(Source data begins)

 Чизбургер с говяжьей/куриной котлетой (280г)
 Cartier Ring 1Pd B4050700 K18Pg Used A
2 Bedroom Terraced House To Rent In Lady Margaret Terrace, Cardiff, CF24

(Source data ends)
(Source data begins)

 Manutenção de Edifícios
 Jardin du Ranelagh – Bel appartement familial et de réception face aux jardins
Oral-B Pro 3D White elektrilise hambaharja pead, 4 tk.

(Source data ends)

Instructions for the task: Please reproduce, exactly as they appear above, the lines from the line containing "Чизбургер с говяжьей/куриной котлетой (280г)" up to and including the line containing "2 Bedroom Terraced".

Result of the task:
 Чизбургер с говяжьей/куриной котлетой (280г)
 Cartier Ring 1Pd B4050700 K18Pg Used A
2 Bedroom Terraced House To Rent In Lady Margaret Terrace, Cardiff, CF24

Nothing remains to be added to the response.